Thursday, June 28, 2012

M13 Designer Diary II

Today I look at the blue cards from M13 and the lessons we learned choosing/designing them. Here's part one.

Here's a directory with all the card links from the final set

And here's the text spoiler Chah posted

Blue Commons
We always intended to enable an alternate win condition through deck exhaustion and when we adopted the new terminology 'forget' that became all the more important. Jace's Mesmerist is the final version of the common creature for this deck, but it went through numerous changes as we shuffled around our vanillas and searched for the right power level for the Forget deck.

It was also interesting considering possible bodies for this creature, because you don't want a body so small it's meaningless as a creature, but if you make a reasonably-costed creature all players will draft it, preventing it from coming back to the forget players. You also don't want to split the focus on too many common cards. Let it be good at one thing, sending a clear message to players so they can quickly decide whether they care about it or not.

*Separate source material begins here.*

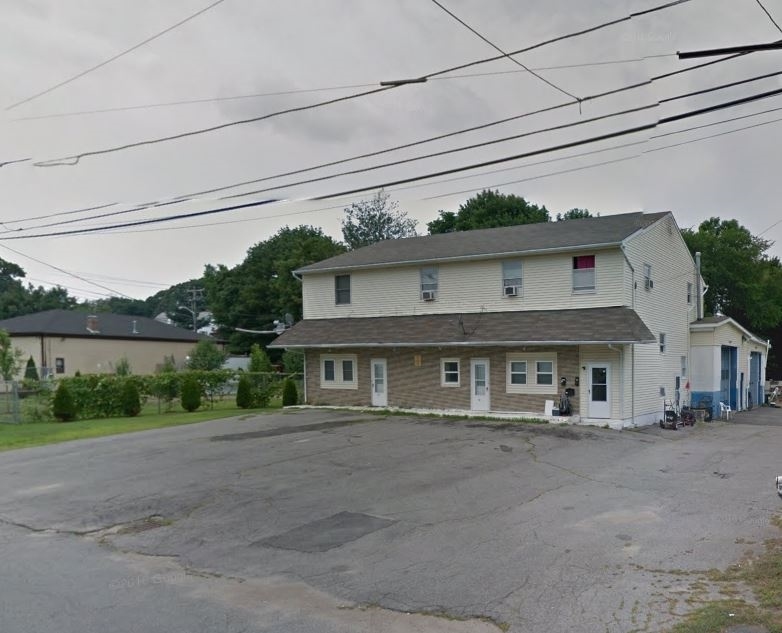 Building Photo - 145 Longmeadow Ave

Coral Merfolk got the vanilla slot very late in development over Maritime Guard in order to make Explorer of the High Seas more maindeckable. It's funny how many people hate Goblin Piker but don't mind Coral Merfolk. That shows how much easier it is for people to accept blue as as a bad creature-color than red (and how we get tired of seeing the same weak cards over and over again). The Explorer was a 1/1 and I liked it at that size because it's a card that looks unplayable at first but turns out to be entirely relevant in the environment. Bringing it to 1/3 will allow more players to discover its utility since they'll be playing him anyhow. I don't love how its ability to block excludes its ability to change lands, but every change has a cost.

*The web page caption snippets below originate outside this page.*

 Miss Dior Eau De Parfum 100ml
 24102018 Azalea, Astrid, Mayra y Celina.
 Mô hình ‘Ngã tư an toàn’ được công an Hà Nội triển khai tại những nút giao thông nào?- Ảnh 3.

Flittering Faerie was originally a 2/2 for 3U, but we wanted it to start smaller so that boosting it wouldn't make it too big to deal with. While the team never made a conscious decision to replace hexproof with this ability, I'm happy to defend the way it worked out. While losing a card to Fry your opponent's Faerie isn't great, it's better than not being able to target their Aven Fleetwing at all. At the same time, it feels pretty amazing to Giant Growth your Faerie and get a card out of the deal, yet you can't be certain your fey will survive. That there are card-advantage-neutral answers like Goblin Arsonist and Runebrand gives me confidence this card won't ruin too many days. Should this ability replace hexproof permanently? Surely not. But I'd be happy to see it for a year or two.

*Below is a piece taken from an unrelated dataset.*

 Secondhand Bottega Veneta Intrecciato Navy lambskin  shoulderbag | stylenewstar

Rishadan Airship is the pirate reprint of Skywinder Drake. A worse choice for every core set except this one, with its nautical subtheme. One of my favorite things about Magic is how sometimes the worst is the best.

I quite like Royal Navy because it marries bond with pirates at the same time as being an unassuming roleplayer. 2/3 vigilance doesn't sound like much, but it's pretty nice when your opponent has an army of 2/2s or equivalent. We found this size early on, but it took a lot of debate and testing to verify that it hit the sweet spot.

The Navy's mortal enemy Dark Cove Pirates is a curious card, and that's part of the appeal. You don't see intimidate on a lot of 2/4s, but it turned out to be very strong in Limited because you could block with it early and then finish the game with it once you stabilized. We considered swapping size+cost between the Navy and the Pirates, but the difference between three mana and four proved to make the Pirates too dangerous.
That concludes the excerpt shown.